But Fed officials say the central bank is being pragmatic, not political. Ms. Daly regularly points out that understanding climate change risks to the financial system is important for bank regulators and supervisors. Mr. Powell said during a webcast Wednesday that the Fed sees such issues “through the lens of our existing mandates” — racial, gender and other disparities in economic outcomes “hold the economy back,” for example.
“Also I think we now realize that unemployment can go low for quite a long time without inflation being a problem — which will tend to help those groups,” he said.
Still, the Fed knows it’s in fraught territory. Mr. Powell avoids endorsing specific legislative packages. When Fed officials talk about inequality, they often discuss opportunity — a framing with more bipartisan backing.
There is a risk if the Fed is seen as a “quote unquote Democratic institution,” said Peter Conti-Brown, a Fed historian at the University of Pennsylvania. It might lose support across political cycles, as with the Consumer Financial Protection Bureau, which is largely seen as a liberal project.

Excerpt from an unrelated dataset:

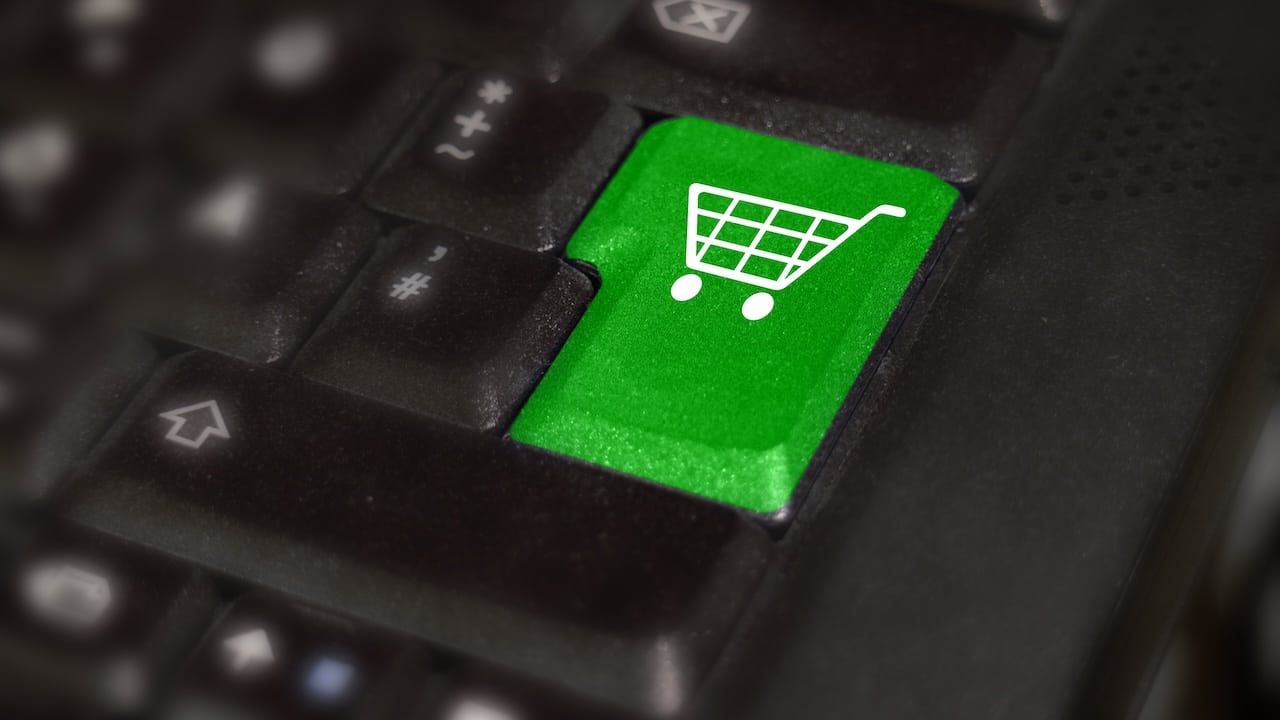 online shopping concept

“The Fed always needs political support to do its job well and to have the autonomy it wants,” said Sarah Binder, a political scientist at George Washington University who studies the Fed’s politics. Pushback that led to reform has generally come from Democrats — who have forced it to focus more on employment and reined in its ability to help Wall Street — rather than Republicans, she noted.
And even now, some Democrats say the central bank could go further. Representative Rashida Tlaib, a Michigan Democrat, has pushed the Fed to do more to get cheaper credit to states and localities, for instance.